Forget about Rails migrations
When I say "migration" here, I'm not talking about Rails migrations. Don't get me wrong. I love 'em. Use 'em all the time. But they're not what I'm talking about.
What is a migration then?
It's a big change to your database.
Imagine that you have a database of mailing addresses. 5 million of them.
The data entry people have been sloppy, and so the addresses are in all kinds of formats. But you really need them to be in strict USPS format.
Fortunately, there's an API you can use for that. Unfortunately, you need to make an API call for each of the 5 million addresses.
...and you can't have any downtime.
That's what I call a migration. You may have another word for it. Maybe a four-letter word. But that's just semantics.
There's no magic bullet
I'm going to be talking about postgres here, but mongo users have the same problems.
No matter what we do, computers stubbornly refuse to be infinitely fast. For any computer, there's is a greater or equal dataset.
I think that the understanding of this is a kind of turning point in the training of young developers. I had to learn it the hard way.
Why Facebook gamers hate me, personally.
I remember when I learned the lesson that big datasets are fundamentally different from small datasets.
Back when I was just starting out, I did some contract work for a facebook gaming company. Not a big one. There was just one other dev. But the game was pretty popular, and this was the height of mafia/jewel/farm game mania.
The database was mysql. But all the data was stored as json inside a text field on the user model. This of course, meant that instead of ugly SQL
`UPDATE users set something=true;
`
...you could use elegant ruby
`Users.find_each do |u|
u.update(:data => JSON.decode(u.data).merge( :something => true ).to_json)
end`
One time I had to write a rake task that tweaked a data structure for every user. It took about 30 minutes to run. That wouldn't have been a problem, except I hadn't planned for the "in-between" state. The application was still expecting the old data structure, but not everybody had that anymore. The result was a small UI bug, and a lot of pissed off facebook users. Fortunately, they had an in-game forum that they could use to yell at me.
How do you plan for big migrations?
Problems are simple
Luckily, you've only got two problems to worry about:
The app breaking
The app slowing down
Yay!
Solutions are more complex
To avoid these, you need to start thinking differenly about changes to your app and your data.
Embrace multi-step deploys
Expect database-wide changes to take an indefinite amount of time
Expect the scripts you wrote to do the DB migration to break
Plan ahead for pegged CPU, RAM and disk IO
Map out an escape route: You may need it
Code!
Battle-tested
A lot of people write blog posts about things they've never done. But this isn't one of those.
Here at Honeybadger HQ, we've used all the tricks I'm about to show you IRL.
Prepare your app to handle in-between time
If a migration takes a day, then for that day part of your data is "pending" and part is "processed"

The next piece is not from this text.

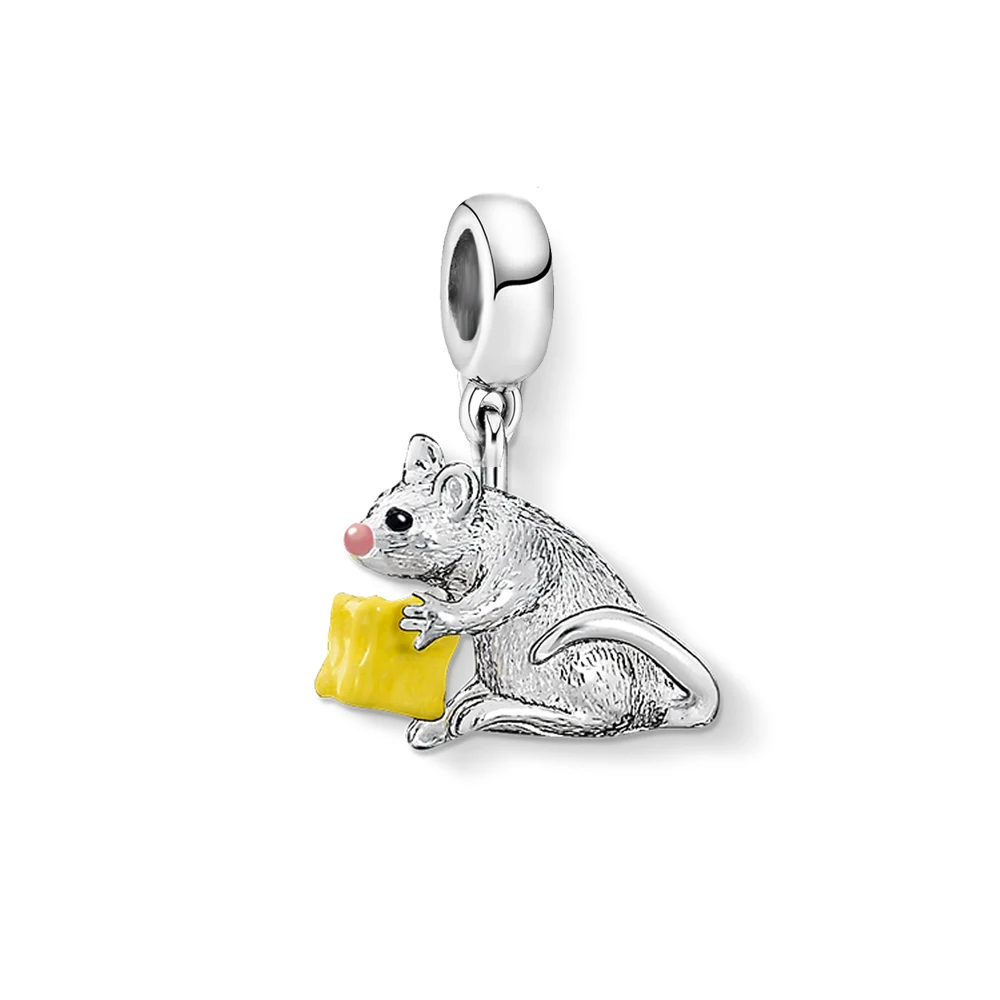 Mouse & Cheese Charms Pendant Fit Europe Bransoletka, europejski styl 925 Sterling Silver Cute Fashion Jewelry Club dla kobiet i mężczyzn — zdjęcie 2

Your app needs to be able to handle both pending and processed data.
Suppose you're spitting a single name
field into first_name
and last_name
. Your code might look like this:
`class User
before_save :split_name
def to_s
pending? ? name : [first_name, last_name].join(" ")
end
def split_name
self.first_name, self.last_name = name.split(" ", 2)
end
end`
Now that you have 2 representations of a user's name you need to
Make sure you update both representations when new records are saved
Use the new data when possible, but fall back to the old data
Remove this ASAP. It's ugly as sin.
Know which data have been migrated
If your migration script fails, you need to be able to re-start it and pick up where you left off.

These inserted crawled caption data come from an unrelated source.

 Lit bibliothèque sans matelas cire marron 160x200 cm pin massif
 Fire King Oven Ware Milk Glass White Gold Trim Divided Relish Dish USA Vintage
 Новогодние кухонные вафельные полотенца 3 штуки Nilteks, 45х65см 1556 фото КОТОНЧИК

It can be as simple as saving ids to a flat file. But we like to use the rollout gem.
Rollout
The rollout gem is built to make incremental releases easier. It lets you set a "feature available" flag on any model and gives you an easy way to see if the flag is set.
For the back end
We recently did a migration for all of our Projects. After each project was done, we set a flag like so:
`$rollout.activate_user(:done, project)`
For the front end
Then in our front-end code, we could invoke either the new or old behavior based on that flag.
`render($rollout.active?(:done, project) ? "new_thing" : "old_thing")`
Granted, the rollout method names are a little out of sync with the use-case. But it works nicely.

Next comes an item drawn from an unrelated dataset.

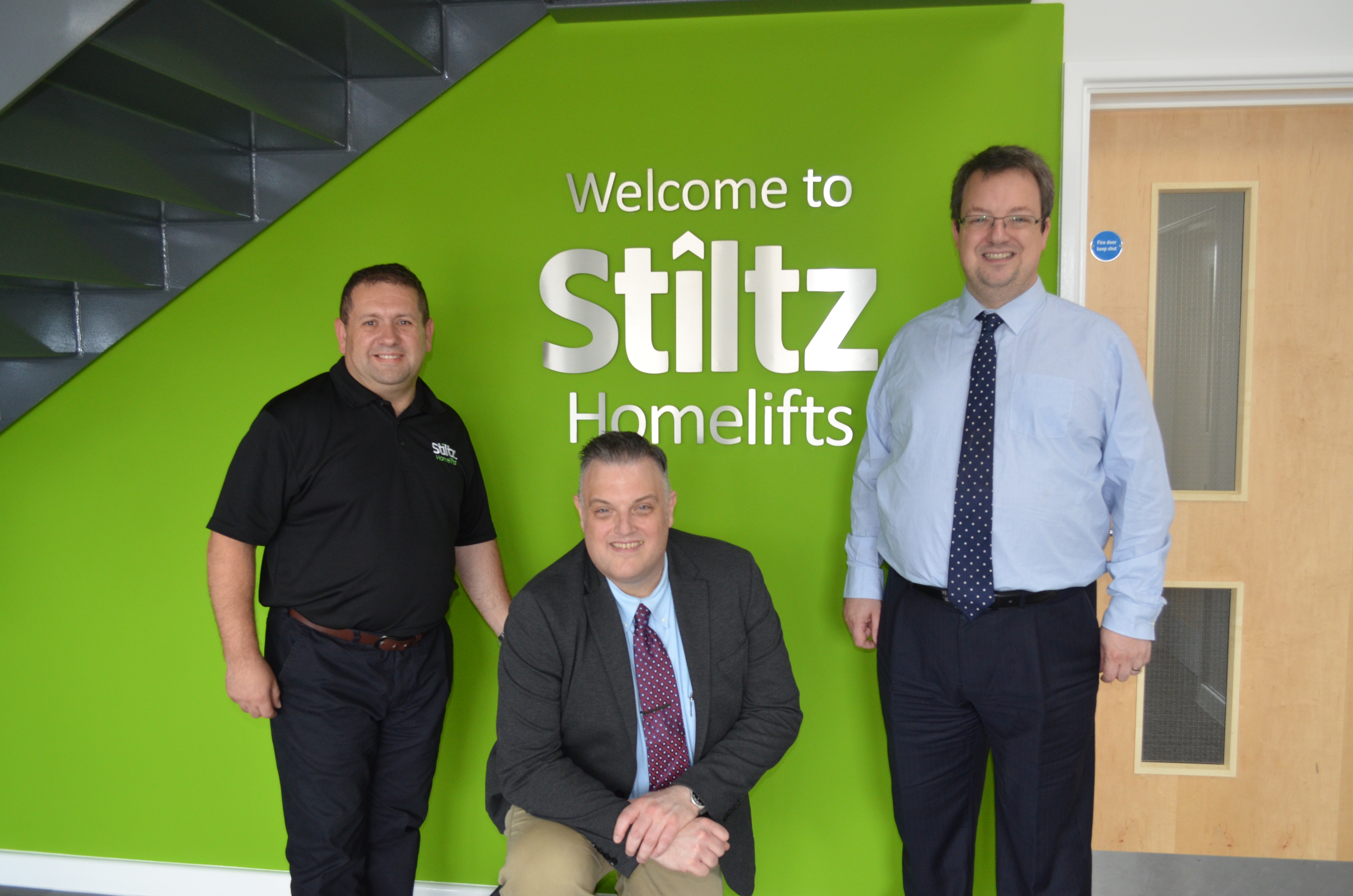 Mike on a tour of Stiltz Homelifts with UK Sales Director Gino and Bill Lee from British Healthcare Trades Association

Log all the things...separately
Chances are, you'll want to keep an eye on your migration. But if the output from your migration is mixed in with production data, it can be hard to tell what's happening.
And it'd be nice to have debug-level logging too, just in case your rake task aborts.
Use Rails environments
Here's a cool trick. Just use a separate "migration" Rails environment. All you need to do is add a few lines to your config/database.yml
`migration:
adapter: postgresql
database: ...
username: ...
password: ...`
Now all of your logs will be saved to log/migration.log
. And if you're reporting errors to Honeybadger, they'll be flagged as migration errors. pretty nifty, eh?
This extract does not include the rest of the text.